Hi, all
>From the original paper of mapReduce by google, the signature of data
transform is that:
map: (k1, v1) -> list(k2, v2)
reduce: (k2, list(v2)) -> list(v2)
Here, the output value type is v2, and the final type is also v2.
But, what I want to achieve is that, the final value type should be
different from the map output value type.
E.g.
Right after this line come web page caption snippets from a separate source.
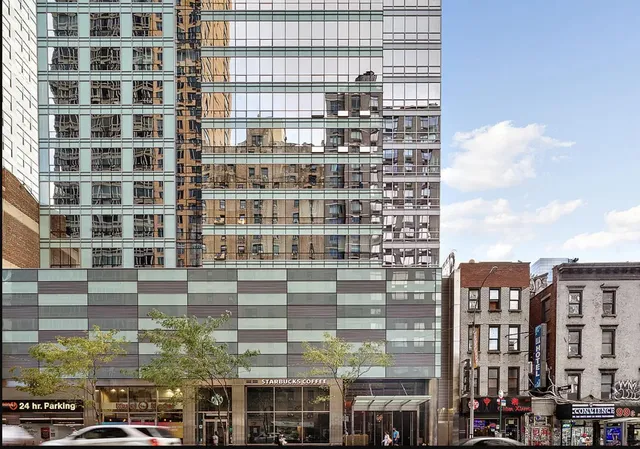 $939,000 | 350 West 42nd Street, Unit 8A | Hell's Kitchen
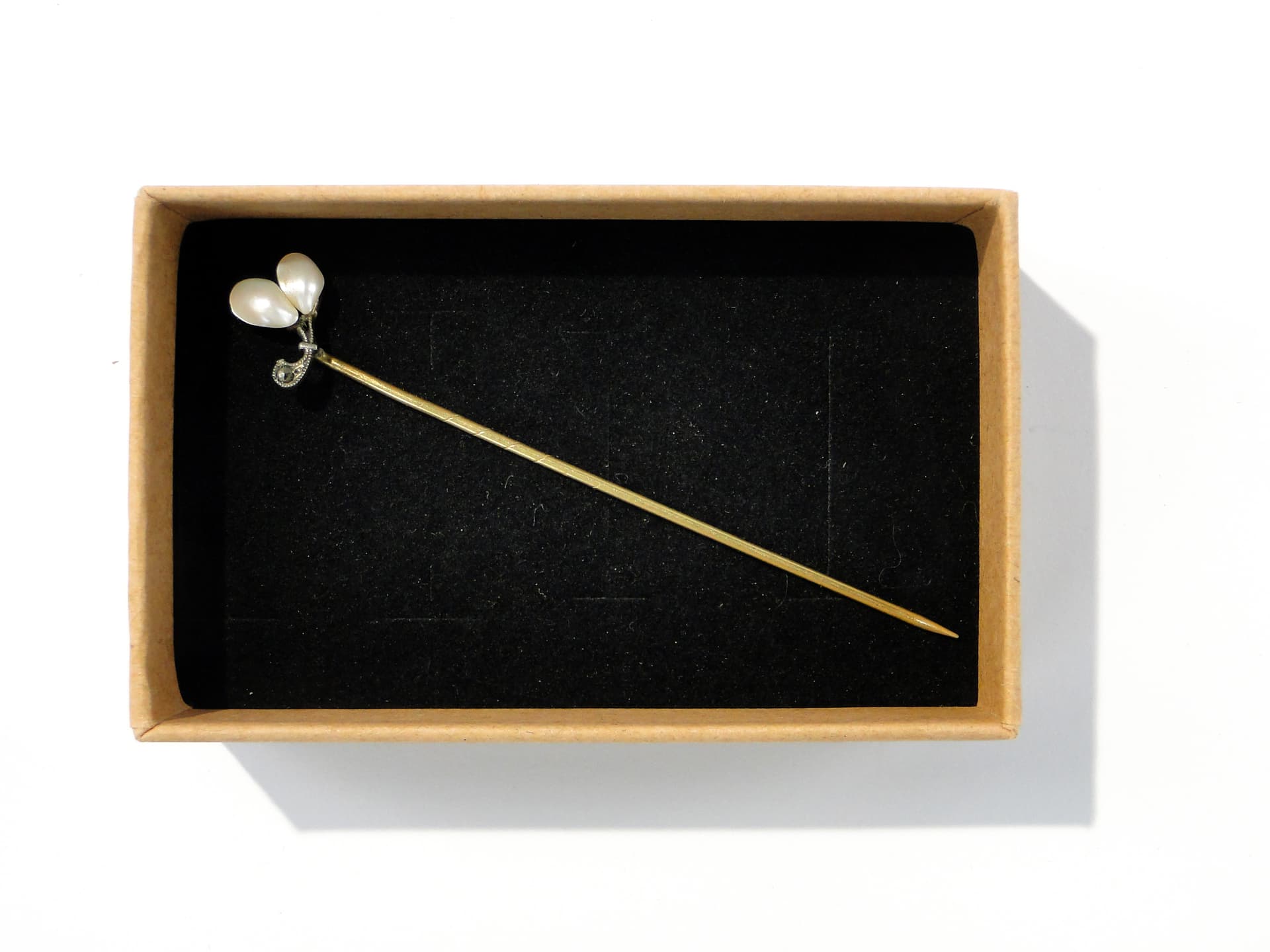 Szpilka dekoracyjna z przełomu wieku XIX i XX - 159662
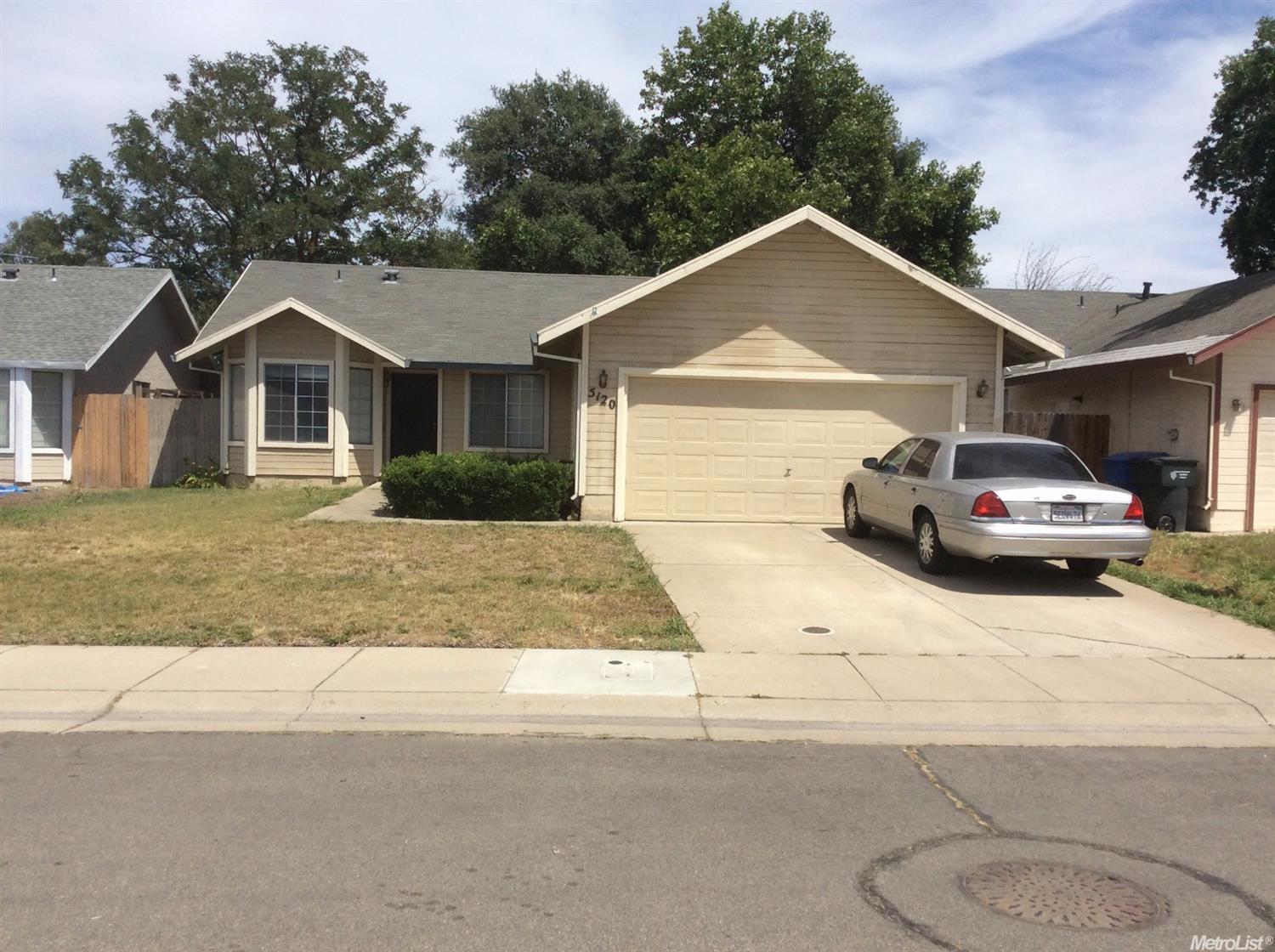 For Sale: 5120 Coppersmith Ave Sacramento, CA 95838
The output value type of map function is bytesWritable, but the final
output value type is Text.
I set the map function is <LongWritable, Text, Text, BytesWritable>,
then set the reduce function is <Text, BytesWritable, Text, Text>
But when I implement this, there is an exception, said:
java.io.IOException: Type mismatch in value from map: expected
org.apache.hadoop.io.Text, recieved org.apache.hadoop.io.BytesWritable
at
org.apache.hadoop.mapred.MapTask$MapOutputBuffer.collect(MapTask.java:850)
at
org.apache.hadoop.mapred.MapTask$OldOutputCollector.collect(MapTask.java:466)
at org.myorg.ReadDivdeMap.map(ReadDivdeMap.java:100)
at org.myorg.ReadDivdeMap.map(ReadDivdeMap.java:1)
at org.apache.hadoop.mapred.MapRunner.run(MapRunner.java:50)
at org.apache.hadoop.mapred.MapTask.runOldMapper(MapTask.java:358)
at org.apache.hadoop.mapred.MapTask.run(MapTask.java:307)
at org.apache.hadoop.mapred.Child.main(Child.java:170)
It seems like the map function in this job expect Text as map output value
type, am I right?
So if I want achieve that, do I must use two map-reduce job?
Thanks all!
Best Regards
Jiamin Lu